Sejalan dengan itu, tingkat partisipasi dalam pemilu legislatif yang semakin
menurun juga menunjukkan semakin melemahnya kepercayaan terhadap partai yang
adalah kontestan dari pemilu tersebut.
Sentimen negatif dan ketidakpercayaan
terhadap partai politik tentu bukan sesuatu yang muncul sekejap, melainkan
merupakan suatu proses akumulasi kekecewaan setelah kita melalui tiga kali
pemilu demokratis.

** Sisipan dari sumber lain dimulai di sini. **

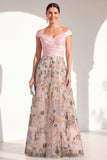 Off the Shoulder Green Floral Ruched Long Mother of the Bride Dress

Asal muasalnya adalah pada periode awal masa reformasi, di
mana partai gagal menjawab euforia demokrasi, harapan, dan tingkat kepercayaan
rakyat yang begitu tinggi terhadap partai.
Kegagalan ini berimbas pada munculnya
ketidakpercayaan terhadap partai dan membuat masyarakat semakin banyak yang
pragmatis. Rakyat yang pragmatis, seperti juga para politisi, tidak lagi
berpikir panjang. Mereka tak lagi percaya janji-janji partai.

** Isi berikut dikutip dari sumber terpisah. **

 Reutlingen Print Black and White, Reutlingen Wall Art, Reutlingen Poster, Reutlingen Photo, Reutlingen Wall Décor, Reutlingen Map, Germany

Situasi ini akhirnya memperkuat pola perilaku
partai yang pragmatis karena hanya dengan berlaku semakin pragmatis mereka bisa
memenuhi permintaan rakyat yang semakin pragmatis pula. Siklus ini terus
berlanjut dan sejalan dengan waktu sentimen negatif terhadap partai yang
dipupuk dengan pragmatisme politik semakin menjalar dan mengakar.
Demokrasi pun Diragukan
Paralel dengan sentimen negatif terhadap
partai adalah munculnya keraguan terhadap demokrasi. Berbagai hasil studi
menunjukkan, dukungan terhadap demokrasi di awal masa reformasi sangat tinggi.
Setelah lebih dari 12 tahun reformasi, sepertinya ada penurunan dukungan
terhadap demokrasi.
Survei CSIS menunjukkan bahwa hari ini hanya setengah
dari masyarakat Indonesia yang setuju demokrasi adalah sistem politik terbaik.

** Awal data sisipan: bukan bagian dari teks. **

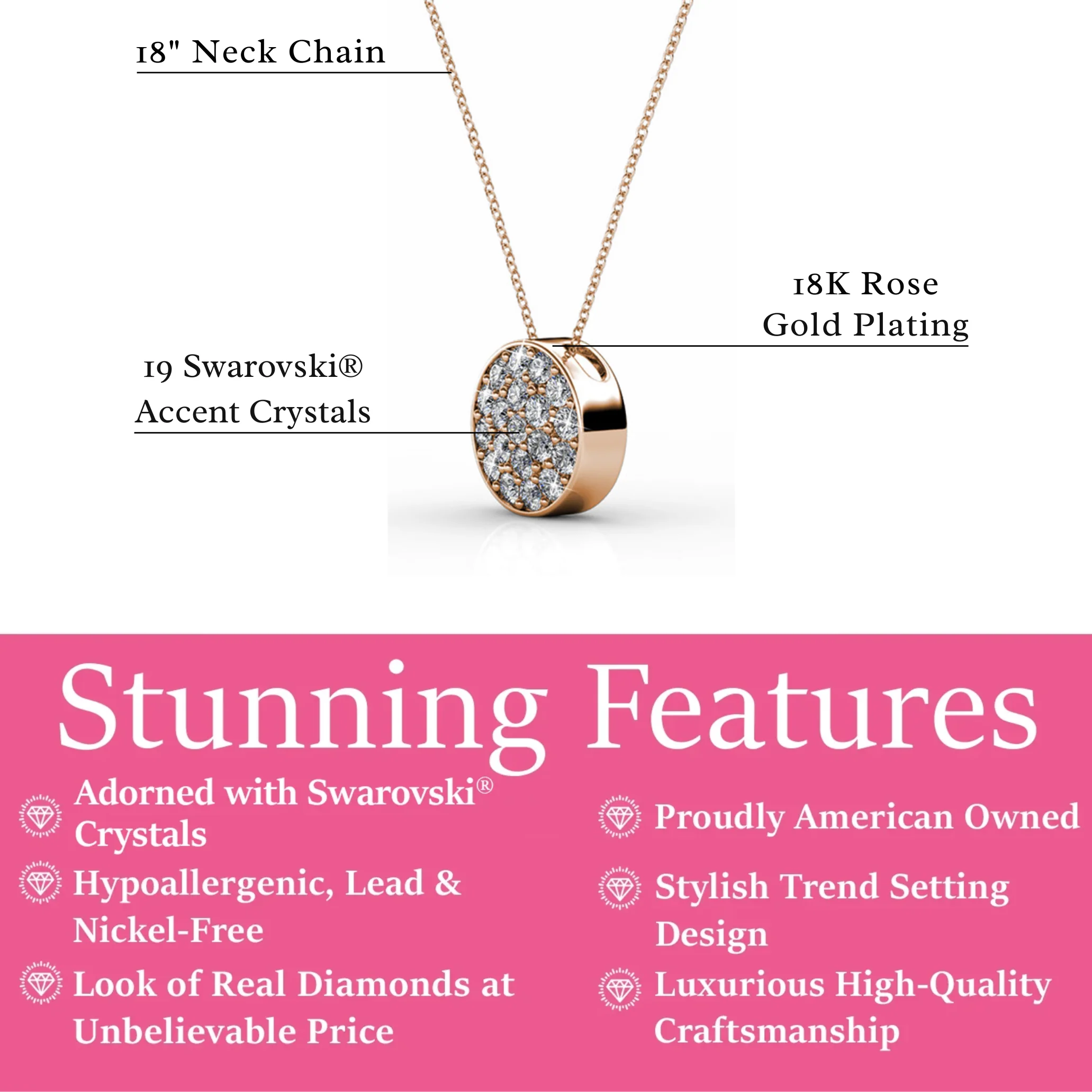 Nelly 18k White Gold Plated Pave Pendant Necklace with Swarovski Crystals - Image 10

Hanya 28,2 persen yang berpendapat bahwa demokrasi itu harus dipertahankan, apa
pun alasannya. Ini menunjukkan bahwa dukungan terhadap demokrasi tidaklah
sekuat seperti pada awal masa reformasi.
Apakah kemudian ini berarti sentimen negatif
terhadap partai menyebabkan menurunnya dukungan terhadap demokrasi? Untuk
menjawab ini perlu dibedakan antara sikap antipartai yang reaktif dan yang
”kultural” (Torcal, Gunther, dan Montero 2002). Sikap reaktif sifatnya sangat
cair dan mudah berubah. Penyebabnya terutama pengaruh dari banyaknya perilaku
partai yang tidak konsisten dan ketidakmampuan partai dalam menjalankan
fungsinya.
Sementara itu, sikap antipartai yang kultural
lebih disebabkan proses sosialisasi dan pengalaman historis yang panjang
terkait perilaku partai yang buruk. Antipartai kategori ini sifatnya sudah
mengakar dan menjadi budaya politik. Berdasarkan studi Torcal, Gunther, dan
Montero (2002) tentang negara demokrasi di Eropa Selatan, antipartai reaktif
tidaklah berpengaruh pada legitimasi demokrasi, sementara antipartai yang
kultural punya imbas yang negatif.
Jika ditelusuri lebih lanjut, temuan survei
CSIS menunjukkan bahwa dukungan terhadap demokrasi sama tingginya (atau
rendahnya) di kalangan orang yang punya sentimen negatif ataupun positif
terhadap partai. Ini mengindikasikan, efek antipartai terhadap dukungan untuk
demokrasi tidaklah jelas. Yang justru menjadi sumber utama menurunnya dukungan
terhadap demokrasi adalah kondisi kehidupan individual. Dukungan untuk
demokrasi jauh lebih tinggi di antara orang-orang yang punya persepsi positif
terhadap kondisi kehidupannya dibandingkan dengan yang persepsinya negatif.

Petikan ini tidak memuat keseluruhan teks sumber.